Inference vs Pretraining Career Path | Generated by AI
Question: Is working on LLM inference/serving infrastructure (vLLM, SGLang, llama.cpp) a better career/learning direction than LLM pretraining?
Answer:
Depends what you mean by “better” — but let me give you a sharp take for your specific trajectory.
The Honest Comparison
| Dimension | Inference/Serving | Pretraining |
|---|---|---|
| Feedback loop | Minutes to hours | Days to weeks |
| Hardware cost | RTX 4070 is enough | Need A100/H100 clusters |
| Job market | Huge right now | Narrow (OpenAI, Anthropic, DeepSeek) |
| Depth ceiling | Very high | Highest |
| Transferability | Broad | Narrow |
| Your current setup | ✅ fits | ⚠️ limited |
Why Inference Is Underrated
Most people think pretraining = more prestigious. That’s wrong in practice. The systems problems in inference are legitimately hard:
- vLLM’s PagedAttention — KV cache is the bottleneck; paging it like virtual memory is non-obvious
- Continuous batching — request scheduling under dynamic sequence lengths is a real systems problem
- SGLang’s RadixAttention — prefix caching across requests, KV reuse, this is novel research
- llama.cpp’s quantization — GGUF, k-quants, understanding how 4-bit GPTQ vs AWQ vs GGUF differ in quality/speed tradeoffs
- Speculative decoding — draft model + verification, reduces latency 2-3x, deep transformer internals required
These aren’t “glue code” problems. They require knowing attention math, memory bandwidth math, CUDA kernels, and distributed systems simultaneously.
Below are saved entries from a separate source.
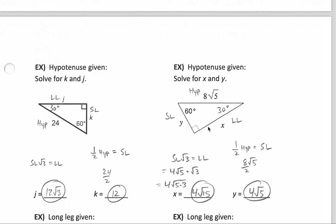One more time, this time using a radical length. The hypotenuse is given, so we'll cut that in half to get our short leg across from the 30-degree angle. Half of 8 times the square root of 5 — we just do our math with the integers and leave that radical number in the back, so half of 8 is 4, giving us 4 times the square root of 5. Taking that short leg and multiplying by the square root of 3 gives our longer leg across from the 60-degree angle: 4 times the square root of 5 times the square root of 3. Both are square roots so we're allowed to multiply them under one square root, giving us 4 times the square root of 15.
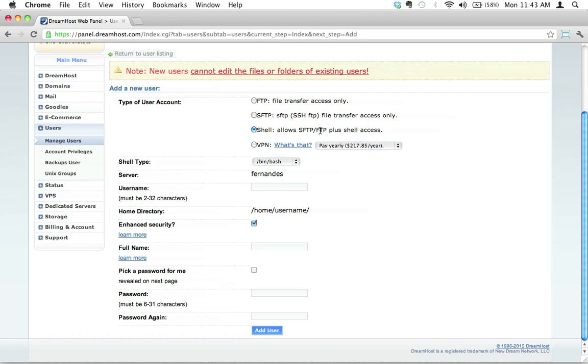So definitely pick shell. That will allow SFTP, FTP plus shell access. Trust me, I'm going to show you what shell access means in a few short moments. We need to pick a username. The username must be 2 to 32 characters long. It's got to be something unique.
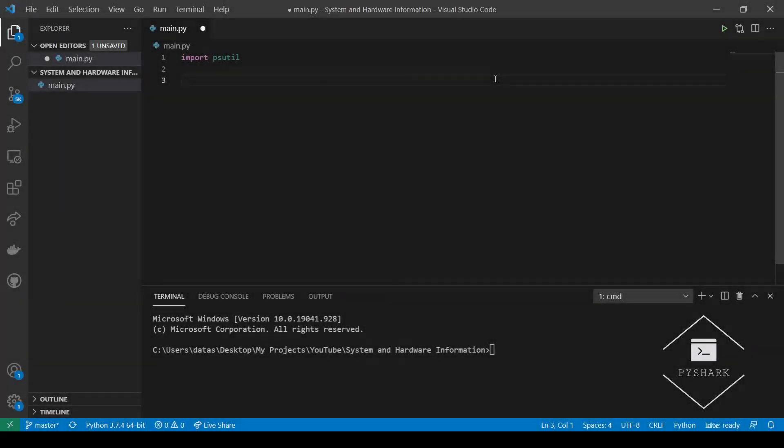In this section we will discuss how to get the RAM usage using Python. Continuing with the similar steps as in the previous sections we will use the dot virtual underscore memory method. It returns a name tuple of numerical values that measure memory in bytes and usage in percentage so we can get the total available and the percent used. Let's start with getting the total RAM.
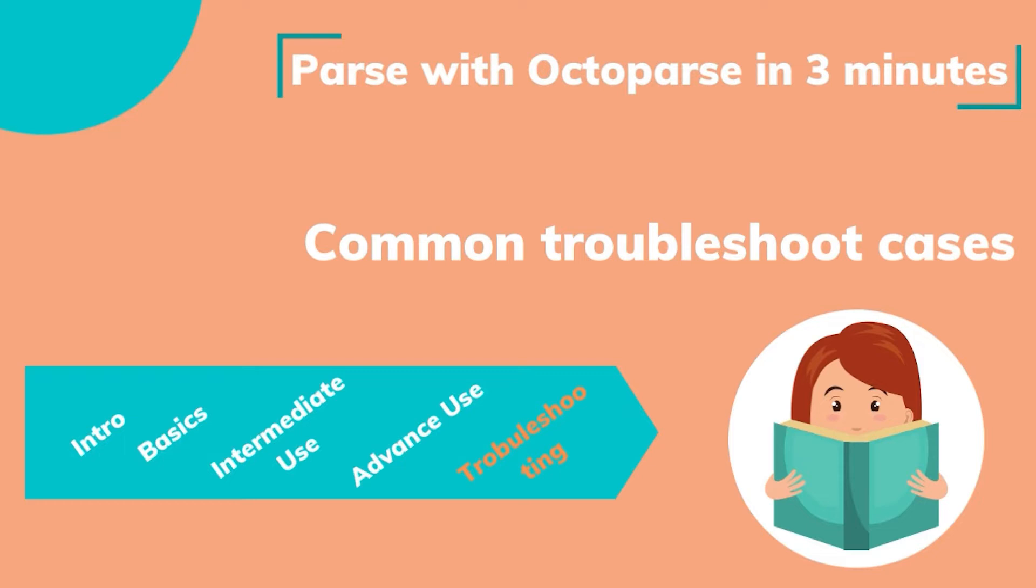Hello everyone, welcome to the training sessions, Pathways Octoparse in 3 minutes. In this tutorial, we'll walk you through common troubleshoot cases.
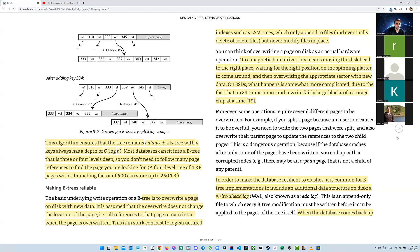The write-ahead log is basically synchronous — you write, you note that event, and then asynchronously handle the actual persistence. The idea is you can apply it at the application level — we do that all the time.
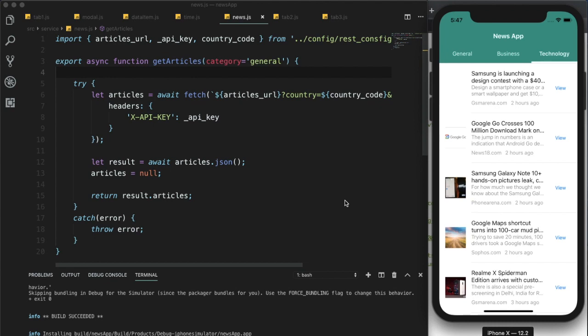This is the end of the tutorial. We've wrapped up the tutorial series — this is the news app built with React Native. If you learned something from this tutorial, let me know in the comments below, hit the subscribe button, and like the video. Subscribe to the channel for more tutorials like this. See you in the next video — have a great day!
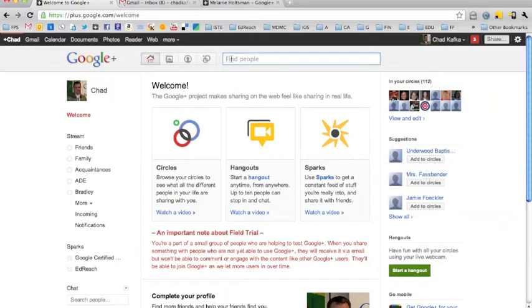You can search for people by just typing their name or email address here. If they're a part of circles you could find them and then add them to a circle.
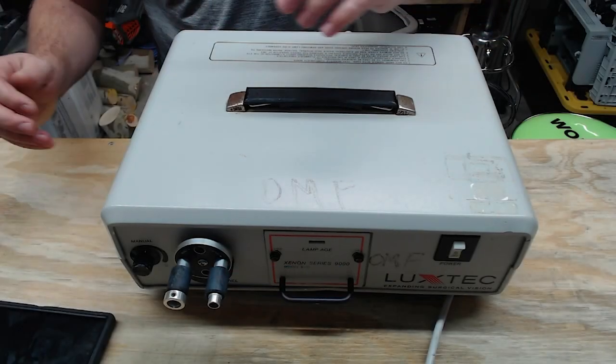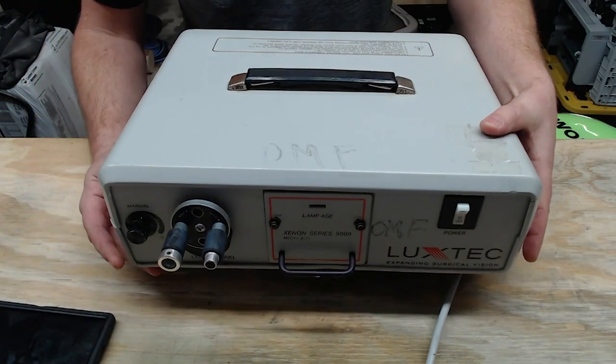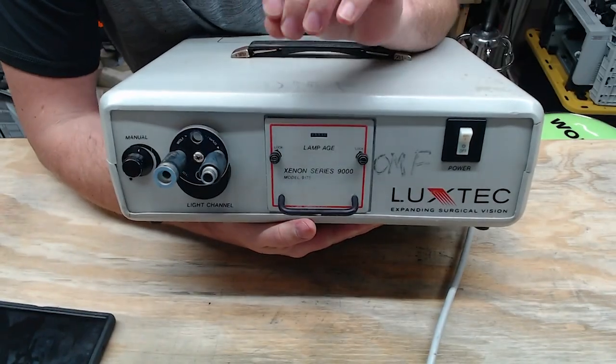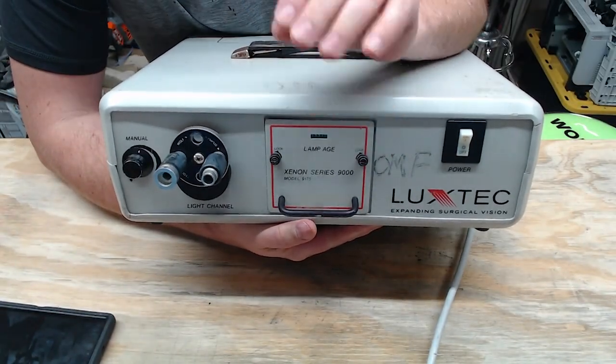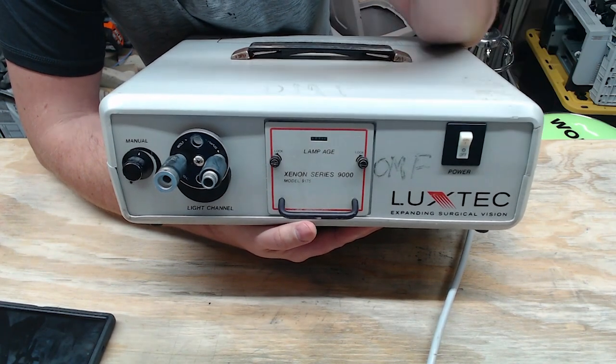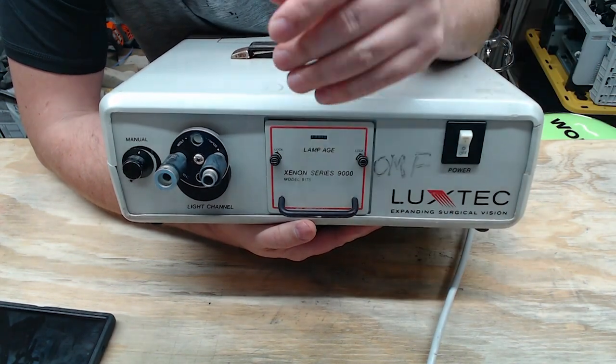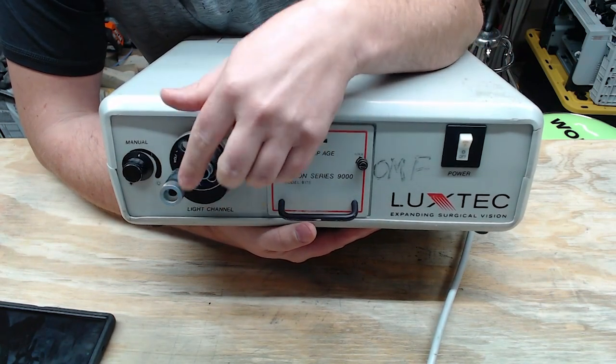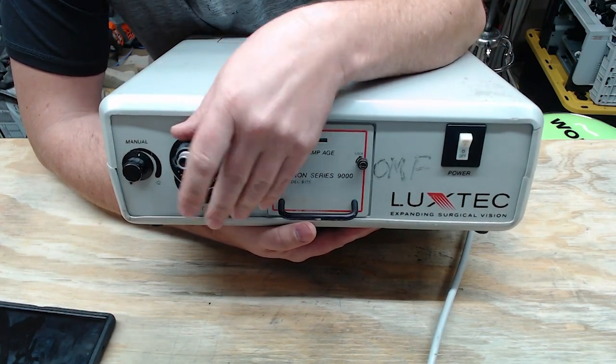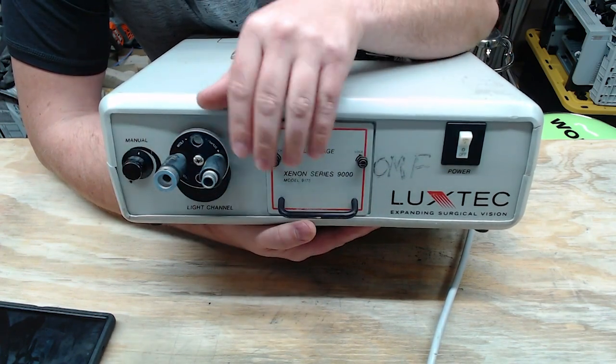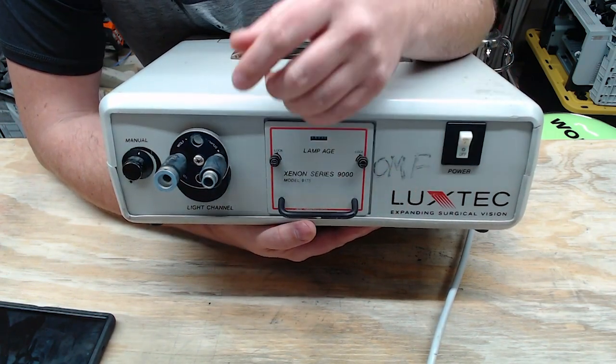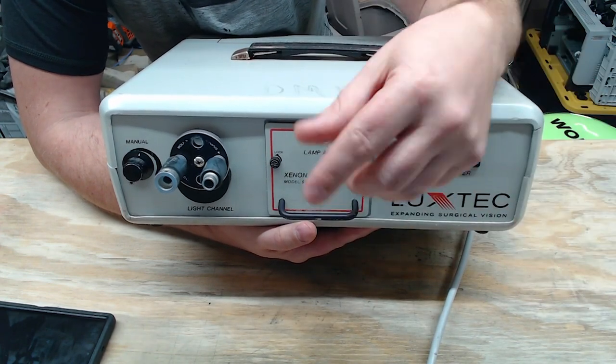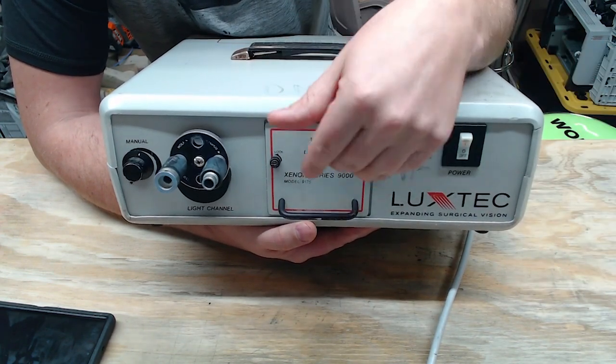Alright guys, what we have here is a Xenon Light Source, and this is a device that's designed to give out very high intense light for doctors so that they can carry out surgical procedures. Now, a light source connects a light cord right here using the turret, which accommodates various diameters and formats of light cords, to a laparoscopic system or a doctor's headlight so he can see what he's doing.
What You’d Learn in Inference That Compounds
Transformer internals
→ KV cache mechanics (shape: [layers, heads, seq_len, head_dim])
→ Attention complexity O(n²) → why sequence length kills you
→ FlashAttention: fused kernel, tiling, avoid HBM round-trips
Systems
→ CUDA memory hierarchy (HBM → L2 → SRAM)
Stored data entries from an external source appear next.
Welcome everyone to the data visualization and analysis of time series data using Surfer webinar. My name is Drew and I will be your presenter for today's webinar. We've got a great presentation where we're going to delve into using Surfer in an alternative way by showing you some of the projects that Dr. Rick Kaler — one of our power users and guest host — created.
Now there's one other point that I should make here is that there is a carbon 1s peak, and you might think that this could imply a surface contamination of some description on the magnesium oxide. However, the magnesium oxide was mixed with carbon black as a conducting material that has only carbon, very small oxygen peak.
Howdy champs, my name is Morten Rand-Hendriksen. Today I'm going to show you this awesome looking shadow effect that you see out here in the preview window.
→ Tensor parallelism (split heads across GPUs)
→ Pipeline parallelism (split layers)
→ Prefill vs decode phases (compute-bound vs memory-bound)
Quantization
→ Post-training quantization math
→ Calibration datasets, perplexity impact
→ GPTQ, AWQ, SmoothQuant internals
All of this directly transfers to understanding pretraining too — because pretraining is just a forward+backward pass, and you already understand the forward pass deeply from inference.
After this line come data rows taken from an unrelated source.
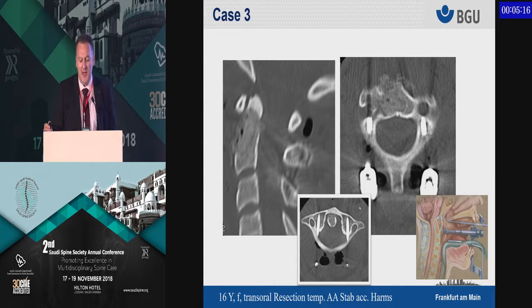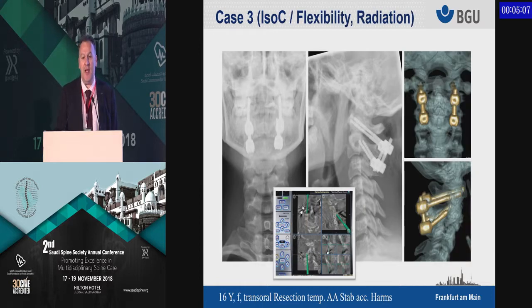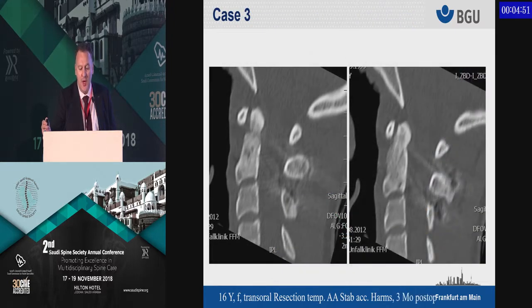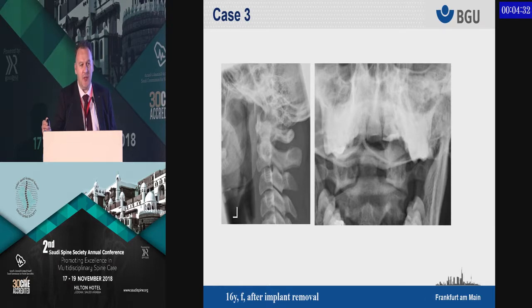You perform an additional protective stabilization to make sure it's not breaking. After resecting the cyst, you fill it up with bone grafts via the transoral approach. This is done with the ICSC fluoroscopy scanner — it's highly flexible with less radiation for the young lady. After three months the gap fills, the bone graft rebuilds the odontoid, and after six months the complete odontoid is refilled with bone, allowing removal of the protective stabilization and return of mobility.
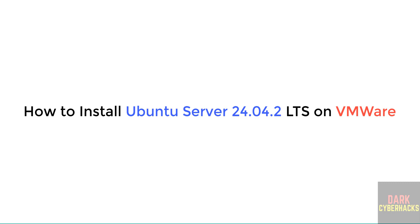Hello guys, in this video we will see how to download and install Ubuntu Server 24.04.2 LTS version on VMware Workstation.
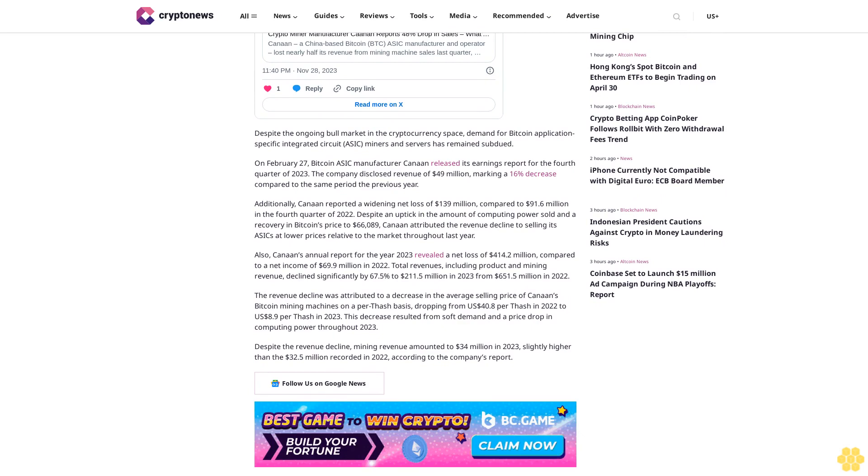This decrease resulted from soft demand and a price drop in computing power throughout 2023. Despite the revenue decline, mining revenue amounted to $34 million in 2023, slightly higher than the $32.5 million recorded in 2022, according to the company's report. Follow us on Google News.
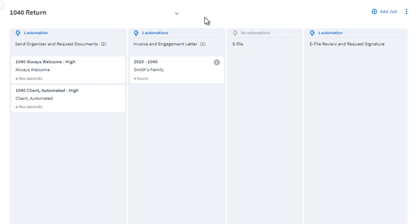And now we have our three jobs added in here with their customized job names: 1040, account name, and priority.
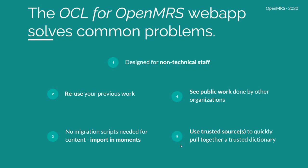These are the common problems that we're solving. Designed for non-technical staff, you can reuse your previous work. There are no more migration scripts needed for content. You can import in moments. You can see the public work done by other organizations, and you can use trusted sources to quickly pull together a trusted dictionary.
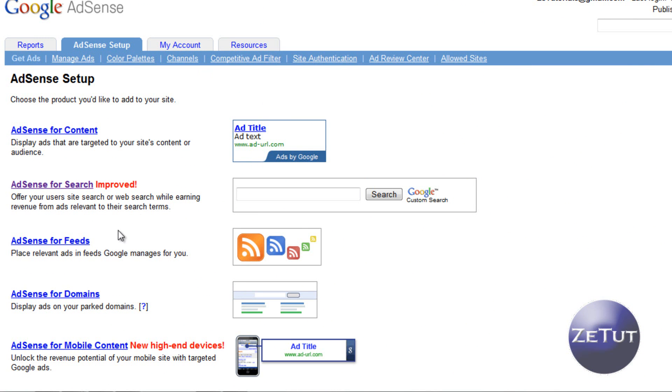They will accept you. I've never heard of anyone getting rejected unless they already had an account and started clicking on their own ads. You'll be accepted within three to five days. Now that is a word of warning there: do not click on your own ads. Everyone thinks they can get away with it. No you can't, Google aren't stupid.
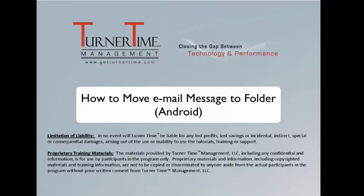Hello and welcome to Turner Time Tutorials. This video is on how to move email messages to a folder on your Android device.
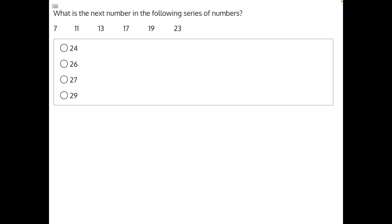To solve this question, let's start by taking the difference between each pair of numbers. The difference between 7 and 11 is plus 4.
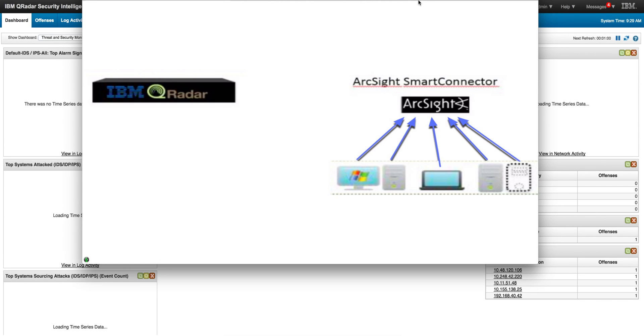Let me show you a way of evaluating QRadar even when you have any other SIEM technology. I'm going to use ArcSight as an example here.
The Strategic Answer for You
Given your setup (RTX 4070, MI300X access, already training GPT-2 scale):
Do inference first as your daily driver, pretraining as your weekend project.
Inference gives you:
- Fast experiments (ship a custom vLLM scheduler in a day)
- Directly applicable at your bank job (serving, latency, cost optimization)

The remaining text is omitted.